## EXERCISE BRIEF
Word for word, please restate the line that contains "this 980×653 image." and all lines after it through the end of the material, minus the pictures.

## DATA TO EXAMINE
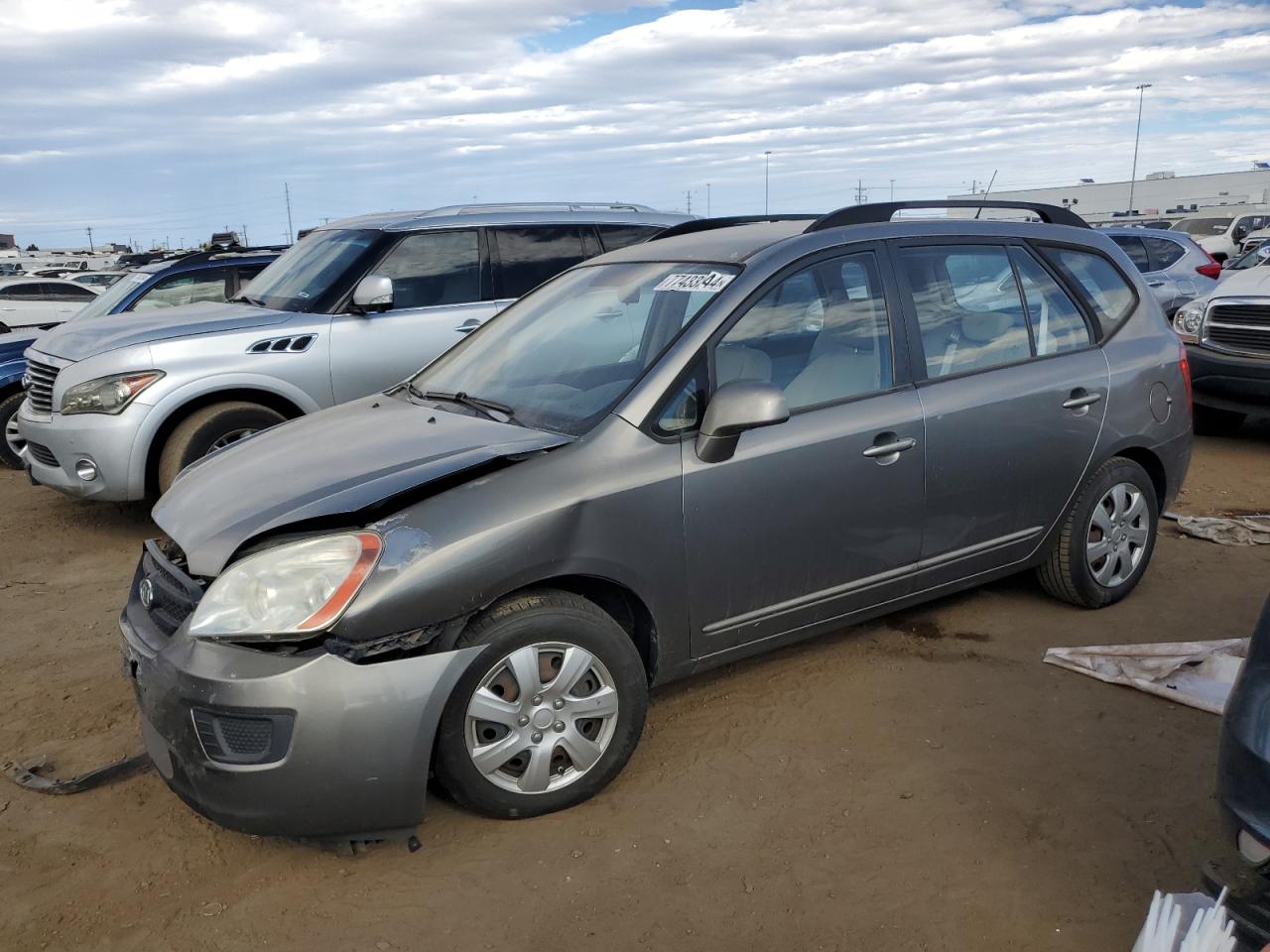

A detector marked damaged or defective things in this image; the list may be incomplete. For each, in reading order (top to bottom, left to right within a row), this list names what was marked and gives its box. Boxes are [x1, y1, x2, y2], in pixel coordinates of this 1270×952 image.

crumpled hood [34, 301, 294, 360]
cracked headlight [1168, 302, 1199, 345]
cracked headlight [61, 370, 165, 416]
crumpled hood [151, 393, 573, 578]
cracked headlight [185, 537, 378, 642]
damaged front bumper [119, 547, 477, 837]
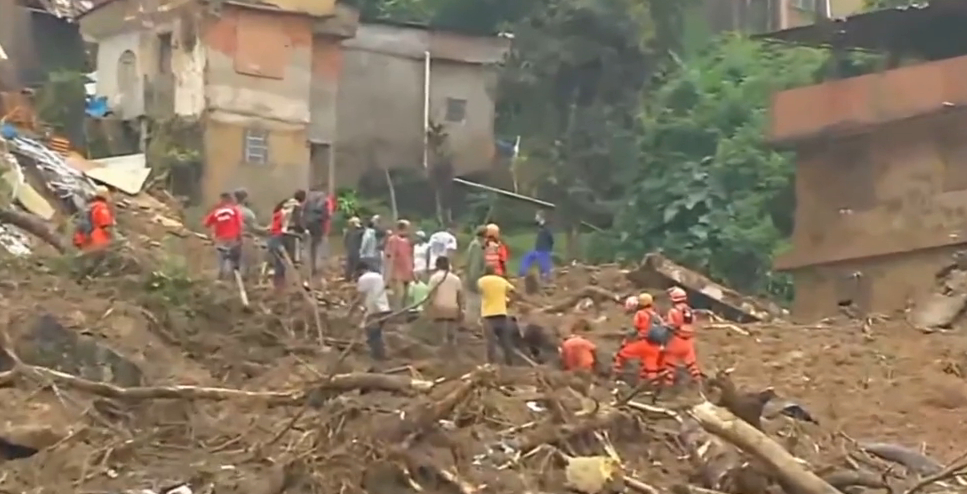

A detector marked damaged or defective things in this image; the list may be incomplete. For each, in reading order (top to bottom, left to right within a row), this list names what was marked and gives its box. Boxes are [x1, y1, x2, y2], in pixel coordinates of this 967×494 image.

damaged house [77, 0, 360, 211]
broken window [444, 97, 466, 122]
broken window [242, 128, 268, 165]
broken concrete slab [628, 253, 788, 322]
broken concrete slab [14, 314, 144, 388]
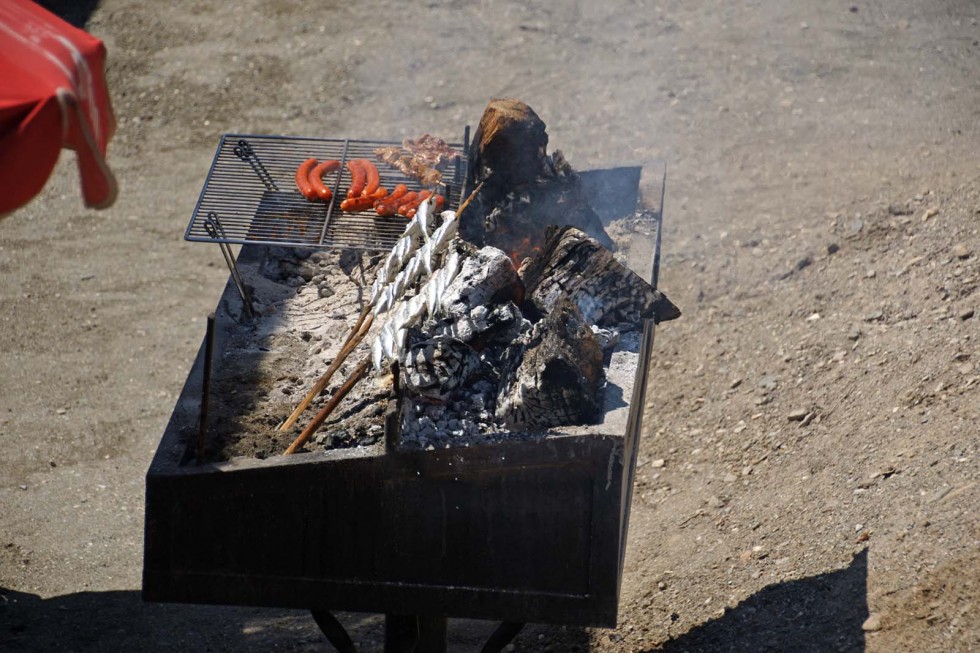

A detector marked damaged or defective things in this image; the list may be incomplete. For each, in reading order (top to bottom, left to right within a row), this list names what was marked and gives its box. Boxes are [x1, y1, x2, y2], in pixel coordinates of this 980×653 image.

burnt wood piece [460, 97, 612, 260]
burnt wood piece [520, 227, 680, 326]
burnt wood piece [498, 294, 604, 428]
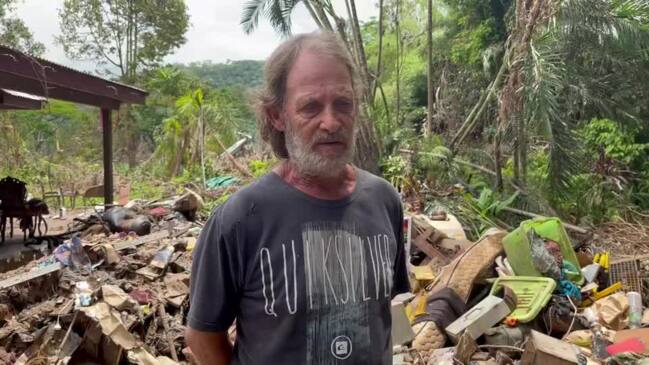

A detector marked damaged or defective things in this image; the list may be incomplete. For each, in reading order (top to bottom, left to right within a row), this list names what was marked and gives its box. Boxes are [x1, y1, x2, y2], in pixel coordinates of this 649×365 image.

broken wooden plank [0, 262, 63, 290]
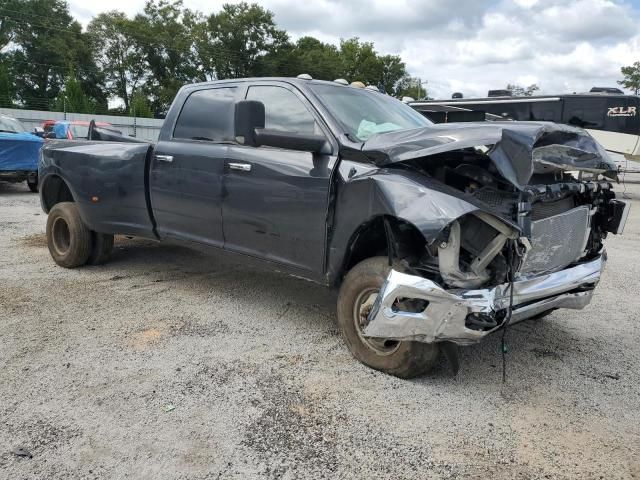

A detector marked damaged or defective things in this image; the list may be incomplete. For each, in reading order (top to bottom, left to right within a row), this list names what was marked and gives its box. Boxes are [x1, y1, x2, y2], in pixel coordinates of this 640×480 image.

torn metal panel [360, 121, 616, 188]
crushed hood [360, 122, 616, 189]
damaged pickup truck [38, 77, 632, 376]
bent front bumper [364, 251, 604, 344]
crumpled sheet metal [364, 251, 604, 344]
torn metal panel [364, 251, 604, 344]
crumpled front end [364, 251, 604, 344]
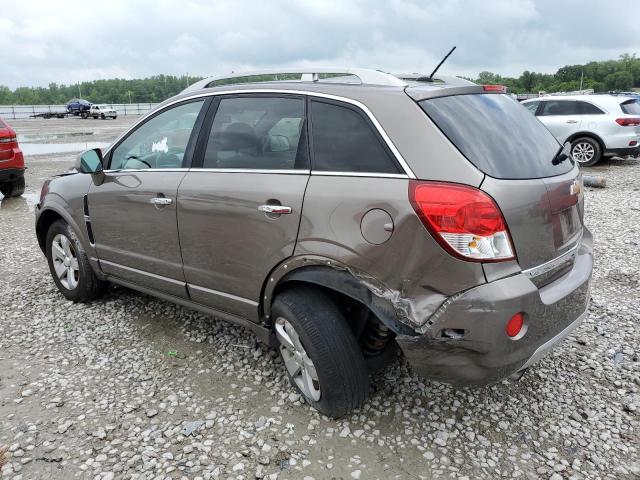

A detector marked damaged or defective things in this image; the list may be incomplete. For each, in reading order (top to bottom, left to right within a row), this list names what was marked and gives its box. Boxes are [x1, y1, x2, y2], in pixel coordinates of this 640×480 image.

damaged gray suv [36, 67, 596, 416]
torn bumper cover [398, 229, 592, 386]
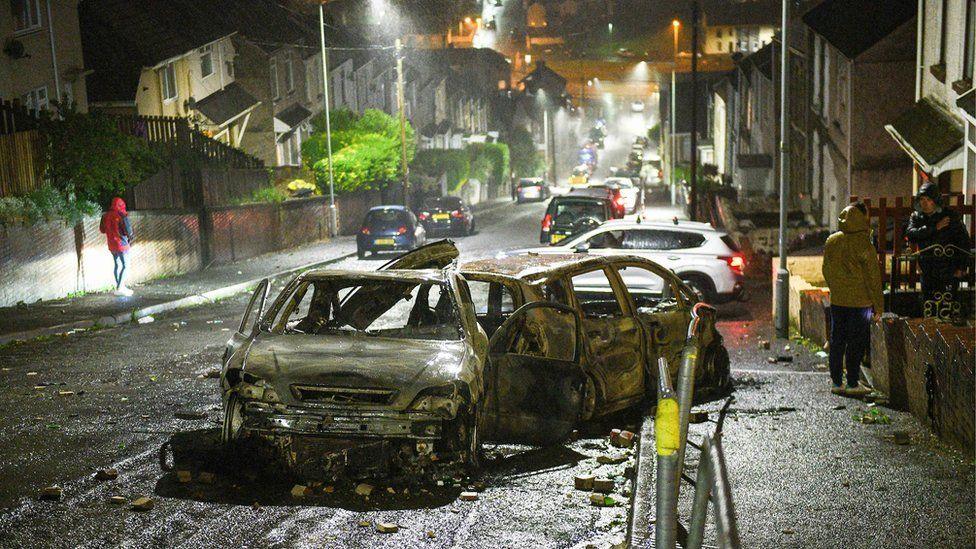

## OUTPUT FOR THIS EXERCISE
A detector marked damaged or defective things in this image; the list may be incomplete. For each, in reading order (top to bottom, left to right within a row), this list names what was marked and gives its box. Boxes are [x1, y1, x2, y2], in pixel coordinates of this 980×653 image.

burnt wood piece [460, 97, 612, 260]
burnt wood piece [520, 227, 680, 326]
burnt wood piece [498, 294, 604, 428]

A detector marked damaged or defective things in this image; the list may be incomplete. For each, in reading order (top to bottom, left to right within a row), this list names what was marked and gives its box. Boxes are [x1, y1, x2, y2], in pixel coordinates of this 649×365 image.

broken wooden plank [0, 262, 63, 290]

A detector marked damaged or defective things in this image; the list may be incomplete. For each, in reading order (top to bottom, left to right within a row), this list names what was marked and gives its box. Boxes are [x1, y1, x2, y2], in pixel coordinates of this 640×480 image.

torn metal panel [360, 121, 616, 188]
crushed hood [360, 122, 616, 189]
damaged pickup truck [38, 77, 632, 376]
bent front bumper [364, 251, 604, 344]
crumpled sheet metal [364, 251, 604, 344]
torn metal panel [364, 251, 604, 344]
crumpled front end [364, 251, 604, 344]

A detector marked damaged or defective things in this image; the list may be incomplete. For each, in reading order (top to bottom, left to right within a row), this list names what was marked and gives its box. Boxes are [x1, y1, x2, y2], in pixel coordinates of this 640×480 image.

damaged gray suv [36, 67, 596, 416]
torn bumper cover [398, 229, 592, 386]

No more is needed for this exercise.